WHAT YOU ARE ASKED TO DO: Omitting every picture, copy the lines from the one that contains "sommar-poster" through the last line of the records below, exactly and with nothing added.

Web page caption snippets
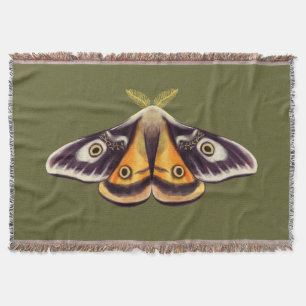 Cobertor Moth Insect Art Goblincore Saturnia Witchy Green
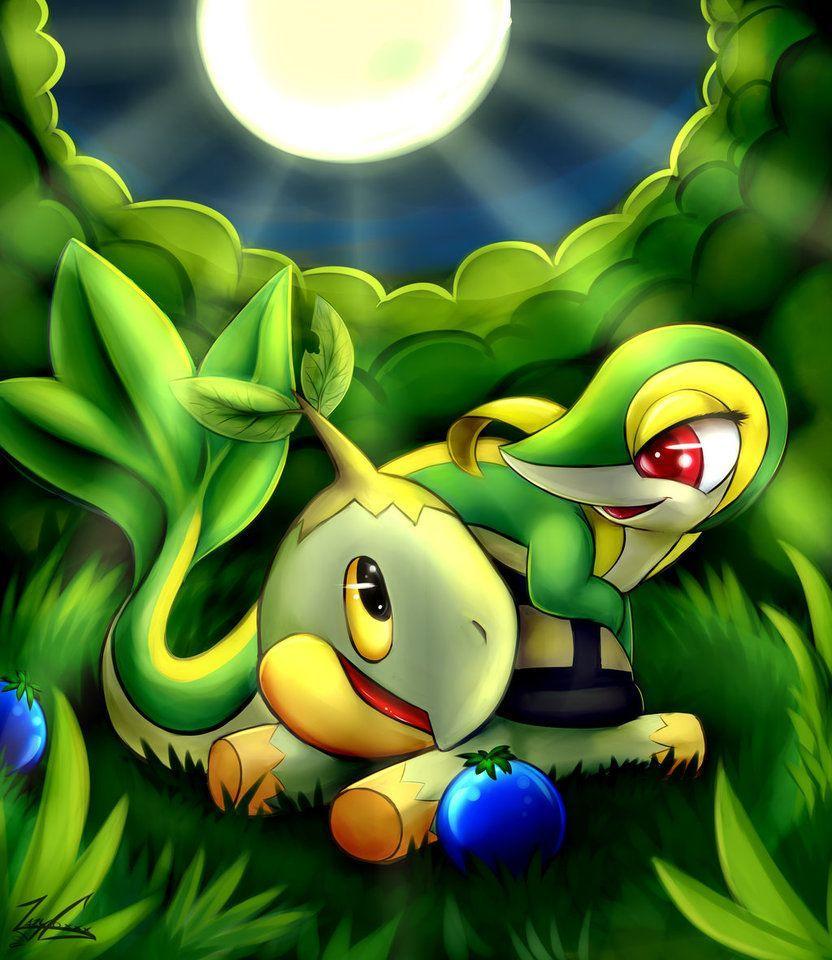 Snivy And Turtwig. Pokemon & Digimon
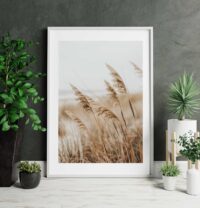 sommar-poster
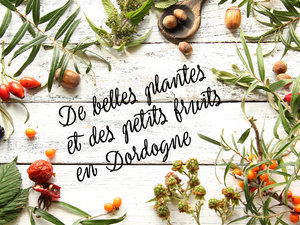 Plantes copie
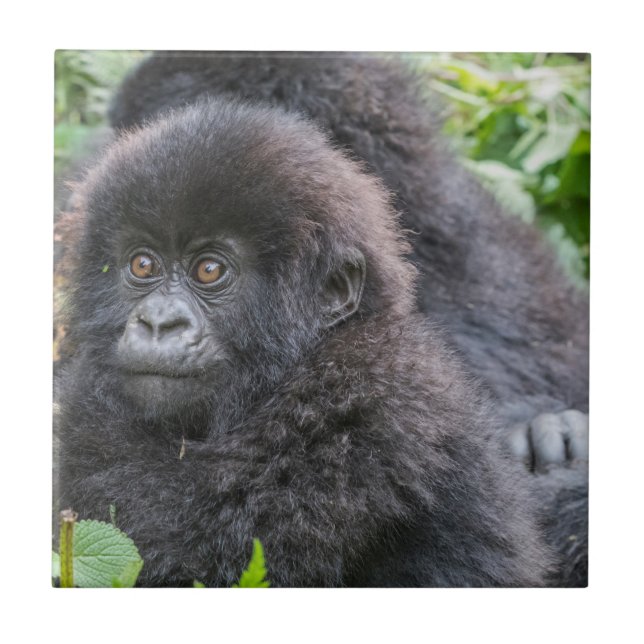 Baby Mountain Gorilla Ceramic Tile (Front)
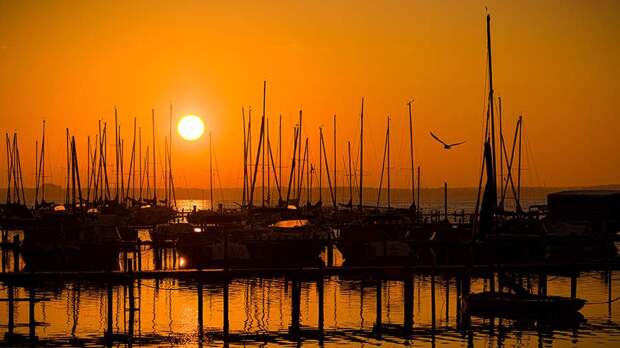 На Солнце за час произошли две мощные вспышки класса М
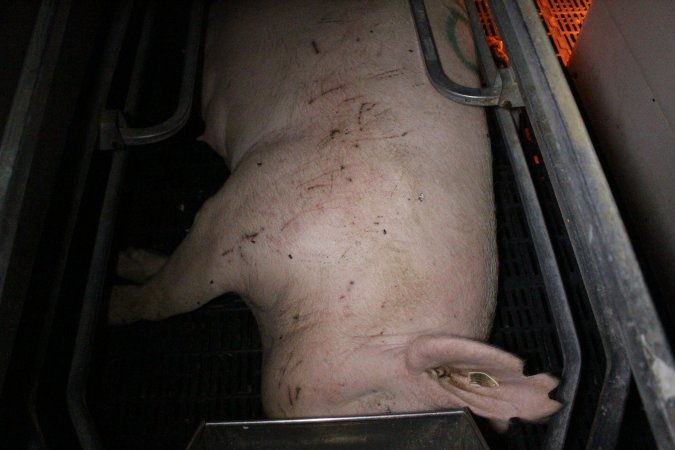 Sow with cuts and scratches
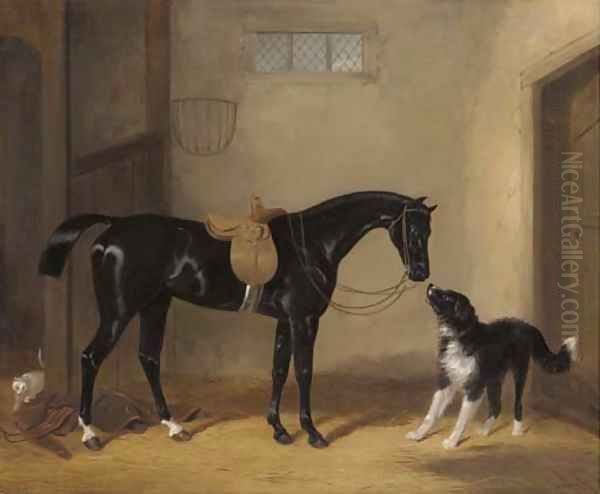 Portrait of a saddle black hunter with a sheep dog in a stable Oil Painting by William Barraud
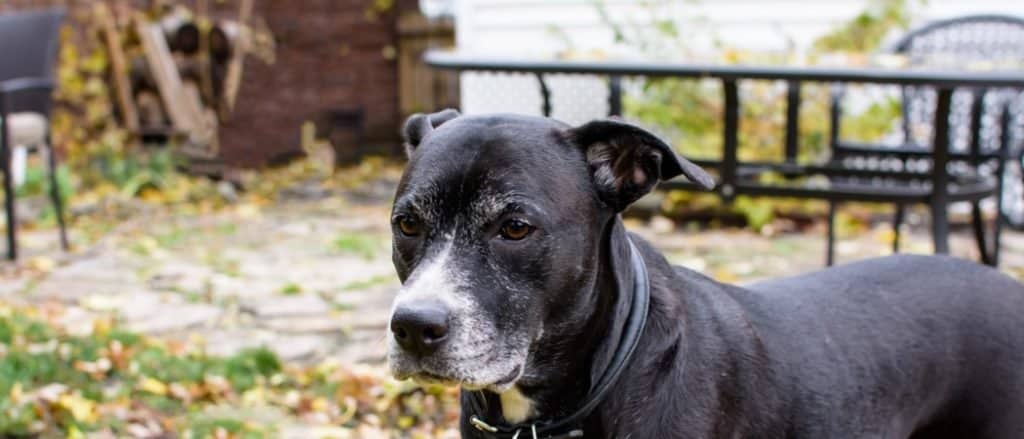 Beautiful Boxador dog in autumn garden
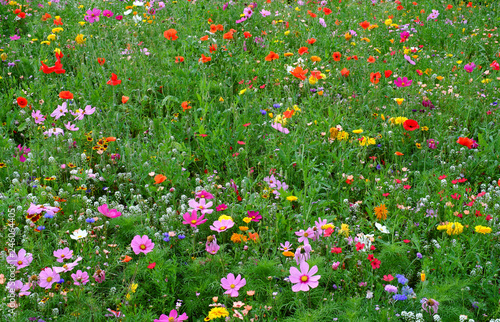 Fototapeta Naklejka Na Ścianę i Meble -  A cultivated wild flower meadow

RESPONSE TO THE TASK:
 sommar-poster
 Plantes copie
 Baby Mountain Gorilla Ceramic Tile (Front)
 На Солнце за час произошли две мощные вспышки класса М
 Sow with cuts and scratches
 Portrait of a saddle black hunter with a sheep dog in a stable Oil Painting by William Barraud
 Beautiful Boxador dog in autumn garden
 Fototapeta Naklejka Na Ścianę i Meble -  A cultivated wild flower meadow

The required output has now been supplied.